20180803_180757 by DEAF N1NJA, on Flickr

Template mocked up - ventilation provided by 5 x 50mm holes, misting provided by 5 16mm misting holes, the last 16mm hole (rear left) is for a misting nozzle to attach a 50mm fan too for internal circulation.

20180810_174047 by DEAF N1NJA, on Flickr

50mm and 16mm tile drills purchased along with plumbers putty, this is the end result :

glass top by DEAF N1NJA, on Flickr

Glass top 2 by DEAF N1NJA, on Flickr

Hoping once the mesh is installed to have the frogs in within the next 10 days


----------



## gex23 (Apr 15, 2008)

I spent most of yesterday blocking up as many holes in the complex background between the cork trunk and glass as possible - hoping it's enough!



4 x Rio Brancos collected today - absolutely gorgeous - certainly won't be my last Oophaga


----------



## gex23 (Apr 15, 2008)

Riobranco1 by DEAF N1NJA, on Flickr

Riobranco2 by DEAF N1NJA, on Flickr

Riobranco3 by DEAF N1NJA, on Flickr

Riobranco4 by DEAF N1NJA, on Flickr

This is an unsexed juvenile group - 0.0.4


----------



## gex23 (Apr 15, 2008)

Added a 60mm fan for internal circulation and moved a couple of plants to see if they flourish elsewhere.

The fan's programmed to circulate air 15 minutes per hour, hoping this will crack the orchid nut, provide greater evaporative cooling for the frogs and just generally provide a healthier environment for the inhabitants.

I also plan on installing an exhaust fan into one of the ventilation tubes to actively draw fresh air in several times per day.

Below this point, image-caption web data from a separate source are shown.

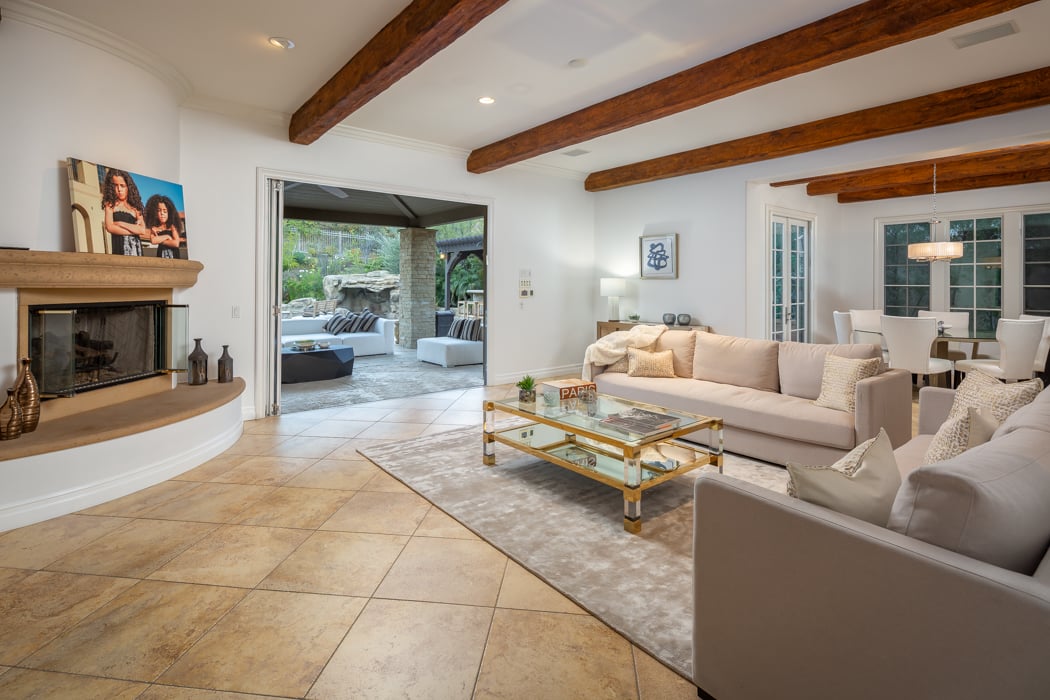 25330 Prado De Ambar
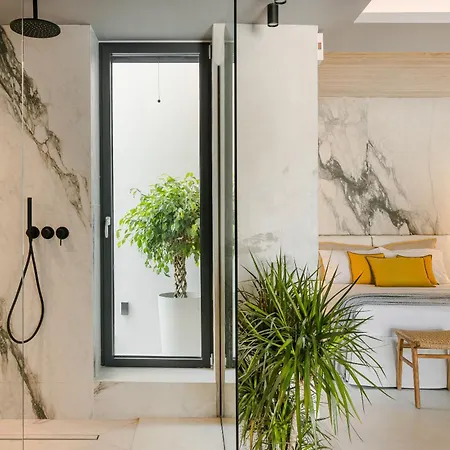 Brand New Luxury - Marie's Happy Place *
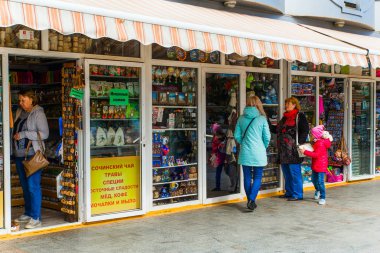 Soçi,Rusya, 20 Nisan 2019 - Turistler set üzerinde küçük bir dükkanda hediyelik eşya seçin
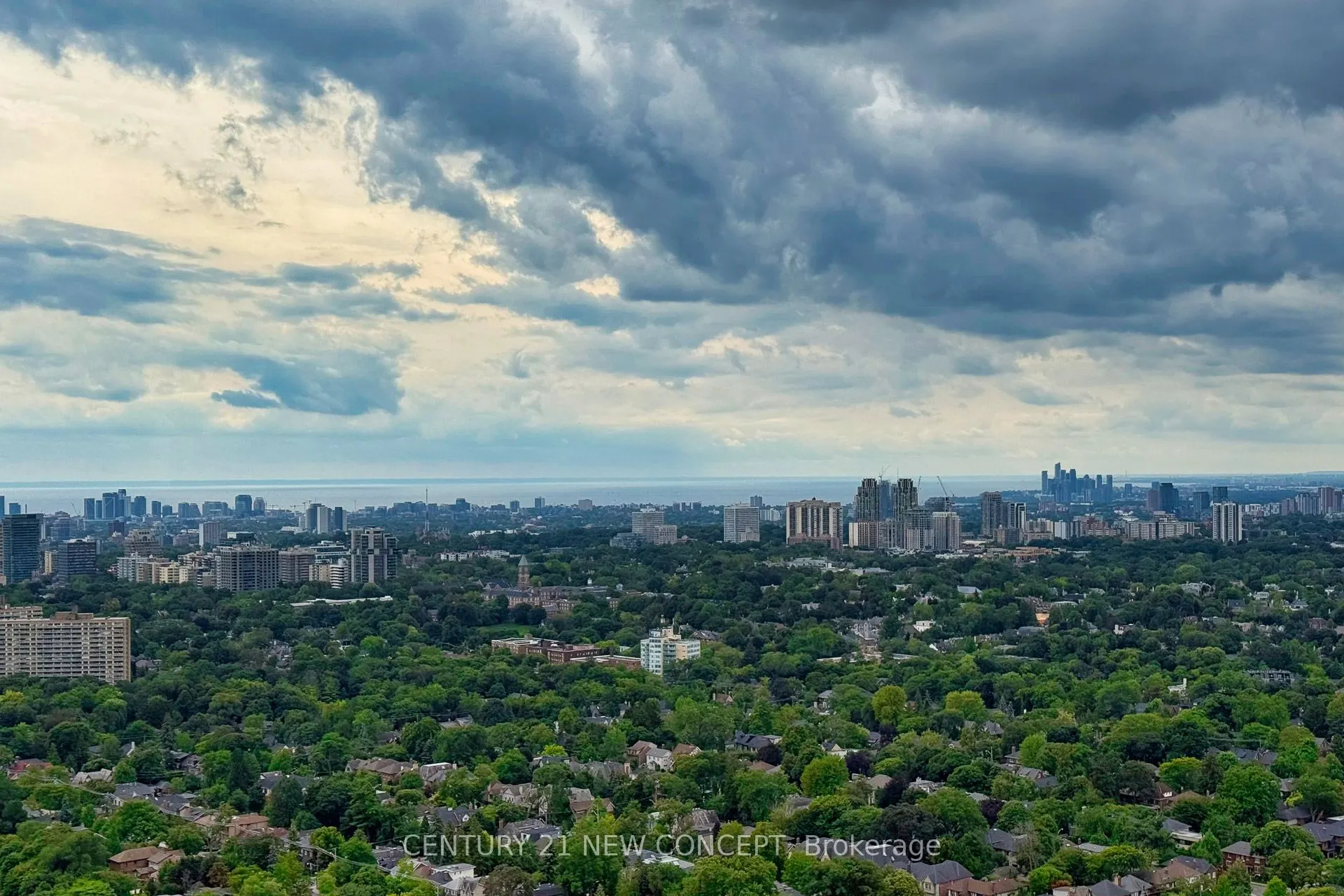 2221 Yonge Street, #3906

Struggling to culture Melanogaster - not managed a single culture yet and having to order - frustrating and such a needless expense.

Updated growth photo :

20180830_124205 by DEAF N1NJA, on Flickr

20180830_124234 by DEAF N1NJA, on Flickr

20180830_124221 by DEAF N1NJA, on Flickr

20180830_122827 by DEAF N1NJA, on Flickr


----------



## gex23 (Apr 15, 2008)

My Tropiscape Orchids order arrived today - very impressed with the service and quality. Now the species are the following :

- Masdevallia andreetana
- Masdevallia bulbophyllopsis
- Masdevallia mendozae
- Pleurothallis aveniformis
- Sophrontis cernua

20180906_130531 by DEAF N1NJA, on Flickr

20180906_130602 by DEAF N1NJA, on Flickr

20180906_130618 by DEAF N1NJA, on Flickr

20180906_130631 by DEAF N1NJA, on Flickr

20180906_130648 by DEAF N1NJA, on Flickr


----------



## DPfarr (Nov 24, 2017)

I advise you to put that cernua somewhere it dries out. The Pleuro sarracenia or whatever the new name is so in sorta the same boat. Not as crucial as the cernua drying out.


----------



## gex23 (Apr 15, 2008)

Many tweaks and changes to this - especially with the top vent with which i'm struggling.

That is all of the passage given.